C# to take a breaking change in version 5

ot · on Jan 18, 2012

Very interesting, I've been bitten by the same problem with Python once (capturing the iteration variable in a closure). To make things even worse, in Python the behaviour is inconsistent between list comprehensions and generator comprehensions:

  In [10]: lambdas = [(lambda: i) for i in xrange(10)]
  In [11]: [f() for f in lambdas]
  Out[11]: [9, 9, 9, 9, 9, 9, 9, 9, 9, 9]
  
  In [12]: lambdas_gen = ((lambda: i) for i in xrange(10))
  In [13]: [f() for f in lambdas_gen]
  Out[13]: [0, 1, 2, 3, 4, 5, 6, 7, 8, 9]

The problem was not fixed even in Python 3. I don't know if there has been any discussion about it.

lloeki · on Jan 18, 2012

This is because the following is simply not a closure in Python:

    lambdas = [(lambda: i) for i in xrange(10)]

This works, because it is a proper closure:

    def build_closure(i):
        return (lambda: i)

    lambdas = [build_closure(i) for i in range(10)]
    print("%s" % [f() for f in lambdas])

See http://stackoverflow.com/questions/233673/lexical-closures-i...

You can write something close only with lambda this way:

    lambdas = [(lambda j=i: j) for i in range(10)]

The behavior is actually consistent between generators and list comprehensions, but it's giving the same result as a closure because generators are lazily evaluated (so f() is evaluated right on time, but i is still not enclosed), and work only once: running it twice will have the generator exhausted:

  In [12]: lambdas_gen = ((lambda: i) for i in xrange(10))
  In [13]: [f() for f in lambdas_gen]
  Out[13]: [0, 1, 2, 3, 4, 5, 6, 7, 8, 9]
  In [14]: [f() for f in lambdas_gen]
  Out[14]: []

That's why forcing the generation with list() causes evaluation of the generator, and only then do you evaluate the f()s, hence the same result as the list comprehension case.
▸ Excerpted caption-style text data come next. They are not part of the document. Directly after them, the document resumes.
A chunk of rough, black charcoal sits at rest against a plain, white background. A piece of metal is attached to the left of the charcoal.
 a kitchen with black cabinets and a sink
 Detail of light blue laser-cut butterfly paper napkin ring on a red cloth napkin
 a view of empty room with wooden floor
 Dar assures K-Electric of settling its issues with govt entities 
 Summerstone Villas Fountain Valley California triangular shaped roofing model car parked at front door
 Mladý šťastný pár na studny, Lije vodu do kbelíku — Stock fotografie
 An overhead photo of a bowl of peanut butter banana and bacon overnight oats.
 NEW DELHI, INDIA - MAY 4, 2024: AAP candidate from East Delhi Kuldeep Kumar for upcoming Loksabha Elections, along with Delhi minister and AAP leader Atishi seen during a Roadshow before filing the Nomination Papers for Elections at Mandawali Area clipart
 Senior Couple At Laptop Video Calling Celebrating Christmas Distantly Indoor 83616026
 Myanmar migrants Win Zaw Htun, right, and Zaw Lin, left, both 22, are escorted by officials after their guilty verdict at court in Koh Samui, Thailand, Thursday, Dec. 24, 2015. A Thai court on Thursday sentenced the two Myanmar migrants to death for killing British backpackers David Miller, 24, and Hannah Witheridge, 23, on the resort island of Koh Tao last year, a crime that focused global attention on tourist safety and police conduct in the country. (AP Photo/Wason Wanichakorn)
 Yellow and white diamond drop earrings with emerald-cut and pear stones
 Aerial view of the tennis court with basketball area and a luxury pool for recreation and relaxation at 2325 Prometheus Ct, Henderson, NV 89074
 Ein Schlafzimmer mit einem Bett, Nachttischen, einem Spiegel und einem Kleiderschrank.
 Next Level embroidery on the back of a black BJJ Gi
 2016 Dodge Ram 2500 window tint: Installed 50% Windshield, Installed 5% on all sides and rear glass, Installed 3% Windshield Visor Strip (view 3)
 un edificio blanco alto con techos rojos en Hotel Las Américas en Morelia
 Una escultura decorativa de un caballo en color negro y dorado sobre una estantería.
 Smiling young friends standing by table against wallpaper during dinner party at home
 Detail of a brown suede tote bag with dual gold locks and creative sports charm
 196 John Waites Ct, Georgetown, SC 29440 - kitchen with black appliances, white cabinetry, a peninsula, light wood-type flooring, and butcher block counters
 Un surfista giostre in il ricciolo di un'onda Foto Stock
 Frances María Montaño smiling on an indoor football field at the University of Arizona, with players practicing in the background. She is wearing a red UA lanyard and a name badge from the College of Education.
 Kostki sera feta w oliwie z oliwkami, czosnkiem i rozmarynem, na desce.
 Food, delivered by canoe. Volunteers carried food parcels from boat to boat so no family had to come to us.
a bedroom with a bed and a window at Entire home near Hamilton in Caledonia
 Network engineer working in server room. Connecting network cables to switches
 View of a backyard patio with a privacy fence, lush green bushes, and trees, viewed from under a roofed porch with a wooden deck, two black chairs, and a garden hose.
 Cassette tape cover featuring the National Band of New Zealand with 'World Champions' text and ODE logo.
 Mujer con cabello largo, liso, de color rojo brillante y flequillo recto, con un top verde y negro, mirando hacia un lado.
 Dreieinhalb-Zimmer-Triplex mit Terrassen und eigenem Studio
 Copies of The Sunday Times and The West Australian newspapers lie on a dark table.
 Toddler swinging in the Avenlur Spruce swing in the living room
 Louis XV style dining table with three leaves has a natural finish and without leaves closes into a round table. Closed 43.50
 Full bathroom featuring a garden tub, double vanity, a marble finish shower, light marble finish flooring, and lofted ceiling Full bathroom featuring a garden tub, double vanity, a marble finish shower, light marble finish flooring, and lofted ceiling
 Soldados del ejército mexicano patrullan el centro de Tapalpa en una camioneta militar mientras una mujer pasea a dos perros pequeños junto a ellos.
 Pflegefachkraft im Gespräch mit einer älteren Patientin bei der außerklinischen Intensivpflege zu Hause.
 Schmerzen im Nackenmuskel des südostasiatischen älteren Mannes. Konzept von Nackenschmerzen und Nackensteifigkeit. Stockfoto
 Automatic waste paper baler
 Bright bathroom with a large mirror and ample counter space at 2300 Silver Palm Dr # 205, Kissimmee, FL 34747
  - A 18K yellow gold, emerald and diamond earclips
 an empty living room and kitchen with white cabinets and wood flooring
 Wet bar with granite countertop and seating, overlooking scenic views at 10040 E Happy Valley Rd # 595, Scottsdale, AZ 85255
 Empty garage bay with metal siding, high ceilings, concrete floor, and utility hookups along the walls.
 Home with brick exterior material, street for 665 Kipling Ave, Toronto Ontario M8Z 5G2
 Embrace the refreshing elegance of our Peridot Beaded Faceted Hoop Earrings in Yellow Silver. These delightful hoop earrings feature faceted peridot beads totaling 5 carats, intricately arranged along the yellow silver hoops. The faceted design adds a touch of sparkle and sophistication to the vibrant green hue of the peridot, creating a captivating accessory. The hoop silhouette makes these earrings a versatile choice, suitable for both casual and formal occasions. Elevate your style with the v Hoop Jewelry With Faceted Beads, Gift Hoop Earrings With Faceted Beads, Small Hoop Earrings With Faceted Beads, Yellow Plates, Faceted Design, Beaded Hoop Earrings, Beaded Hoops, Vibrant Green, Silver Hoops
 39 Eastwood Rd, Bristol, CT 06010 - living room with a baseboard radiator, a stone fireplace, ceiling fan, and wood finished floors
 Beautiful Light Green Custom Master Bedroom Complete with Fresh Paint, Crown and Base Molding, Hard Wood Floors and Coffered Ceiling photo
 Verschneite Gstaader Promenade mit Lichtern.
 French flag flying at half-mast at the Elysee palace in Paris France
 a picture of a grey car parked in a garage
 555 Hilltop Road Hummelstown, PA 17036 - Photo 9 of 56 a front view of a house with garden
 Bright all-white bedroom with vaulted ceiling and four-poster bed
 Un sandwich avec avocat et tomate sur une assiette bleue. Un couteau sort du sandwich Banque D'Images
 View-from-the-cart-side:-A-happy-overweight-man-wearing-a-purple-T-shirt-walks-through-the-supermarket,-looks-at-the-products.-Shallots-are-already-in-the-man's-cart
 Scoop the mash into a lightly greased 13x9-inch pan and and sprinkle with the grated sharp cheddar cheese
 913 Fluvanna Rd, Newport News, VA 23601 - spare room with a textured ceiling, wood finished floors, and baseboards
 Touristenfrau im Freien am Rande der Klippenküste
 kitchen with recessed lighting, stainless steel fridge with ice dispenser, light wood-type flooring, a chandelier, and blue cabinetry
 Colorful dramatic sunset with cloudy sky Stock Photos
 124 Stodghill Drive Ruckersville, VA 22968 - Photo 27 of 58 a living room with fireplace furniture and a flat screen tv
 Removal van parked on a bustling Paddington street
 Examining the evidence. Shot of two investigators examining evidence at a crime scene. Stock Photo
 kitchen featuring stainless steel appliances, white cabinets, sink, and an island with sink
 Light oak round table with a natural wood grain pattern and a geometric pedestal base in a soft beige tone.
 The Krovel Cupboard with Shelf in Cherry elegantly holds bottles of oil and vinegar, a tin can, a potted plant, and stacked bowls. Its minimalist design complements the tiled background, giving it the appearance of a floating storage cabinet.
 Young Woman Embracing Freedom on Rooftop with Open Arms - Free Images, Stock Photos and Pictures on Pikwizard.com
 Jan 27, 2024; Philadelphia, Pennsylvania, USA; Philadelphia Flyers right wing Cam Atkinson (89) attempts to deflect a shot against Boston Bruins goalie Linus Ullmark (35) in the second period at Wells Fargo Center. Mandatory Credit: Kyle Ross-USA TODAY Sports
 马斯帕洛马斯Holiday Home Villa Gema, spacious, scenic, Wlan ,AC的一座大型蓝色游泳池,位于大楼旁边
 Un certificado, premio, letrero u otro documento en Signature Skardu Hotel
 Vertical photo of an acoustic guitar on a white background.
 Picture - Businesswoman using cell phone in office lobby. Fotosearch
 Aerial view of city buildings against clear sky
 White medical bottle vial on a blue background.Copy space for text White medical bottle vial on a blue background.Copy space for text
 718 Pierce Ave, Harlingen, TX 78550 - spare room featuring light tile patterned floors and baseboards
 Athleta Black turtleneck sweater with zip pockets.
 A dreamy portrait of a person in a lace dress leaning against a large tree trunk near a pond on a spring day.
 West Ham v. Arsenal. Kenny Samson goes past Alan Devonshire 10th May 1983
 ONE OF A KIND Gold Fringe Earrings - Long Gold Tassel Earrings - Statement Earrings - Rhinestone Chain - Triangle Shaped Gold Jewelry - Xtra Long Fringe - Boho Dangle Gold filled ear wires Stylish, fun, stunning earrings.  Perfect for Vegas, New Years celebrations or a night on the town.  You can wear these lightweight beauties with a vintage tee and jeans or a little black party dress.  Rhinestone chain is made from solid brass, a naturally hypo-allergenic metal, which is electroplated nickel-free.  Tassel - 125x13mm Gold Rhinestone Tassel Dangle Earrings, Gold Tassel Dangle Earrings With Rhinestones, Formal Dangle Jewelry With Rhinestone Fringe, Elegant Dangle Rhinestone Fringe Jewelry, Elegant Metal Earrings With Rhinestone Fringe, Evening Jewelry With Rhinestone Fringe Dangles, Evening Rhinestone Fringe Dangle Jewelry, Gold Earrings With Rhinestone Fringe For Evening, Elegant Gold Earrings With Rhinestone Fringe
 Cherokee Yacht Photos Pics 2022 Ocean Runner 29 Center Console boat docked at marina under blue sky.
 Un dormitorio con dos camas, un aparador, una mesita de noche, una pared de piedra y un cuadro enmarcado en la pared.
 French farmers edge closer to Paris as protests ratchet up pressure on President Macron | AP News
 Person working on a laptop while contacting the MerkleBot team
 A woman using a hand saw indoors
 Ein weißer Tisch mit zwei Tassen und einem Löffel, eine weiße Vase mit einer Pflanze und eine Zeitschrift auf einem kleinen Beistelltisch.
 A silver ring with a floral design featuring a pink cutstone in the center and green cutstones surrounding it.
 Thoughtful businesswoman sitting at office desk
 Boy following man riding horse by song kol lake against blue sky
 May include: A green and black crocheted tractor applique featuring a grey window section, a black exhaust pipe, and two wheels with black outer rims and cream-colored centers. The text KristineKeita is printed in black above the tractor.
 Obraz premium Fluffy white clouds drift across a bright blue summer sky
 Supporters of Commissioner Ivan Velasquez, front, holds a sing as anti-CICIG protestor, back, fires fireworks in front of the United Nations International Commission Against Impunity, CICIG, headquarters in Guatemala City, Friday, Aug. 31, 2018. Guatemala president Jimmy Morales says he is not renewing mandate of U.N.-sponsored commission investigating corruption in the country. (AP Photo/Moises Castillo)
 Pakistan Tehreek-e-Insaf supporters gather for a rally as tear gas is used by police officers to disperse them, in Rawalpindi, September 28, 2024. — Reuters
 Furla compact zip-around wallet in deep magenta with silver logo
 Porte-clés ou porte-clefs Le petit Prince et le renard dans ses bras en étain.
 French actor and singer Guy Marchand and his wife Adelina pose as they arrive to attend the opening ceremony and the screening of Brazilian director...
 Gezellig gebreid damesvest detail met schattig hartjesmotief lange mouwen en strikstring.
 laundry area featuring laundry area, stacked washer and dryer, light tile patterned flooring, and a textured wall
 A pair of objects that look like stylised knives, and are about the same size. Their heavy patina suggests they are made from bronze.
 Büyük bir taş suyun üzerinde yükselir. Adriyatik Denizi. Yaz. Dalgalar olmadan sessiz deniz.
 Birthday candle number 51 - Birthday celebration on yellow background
Again, changing it to the following properly encloses i:

    lambdas_genlist = list((lambda j=i: j) for i in range(10))

wisty · on Jan 18, 2012

> This is because the following is simply not a closure in Python

Well, they should be closures, or they shouldn't be there.

This isn't a question of not understanding Python's semantic rules, it's a question of those rules being screwed. I understand why it's not consistent with generators (as you say - i isn't generated yet). I don't understand why it's not consistent with what you'd expect, namely lambdas not being closures.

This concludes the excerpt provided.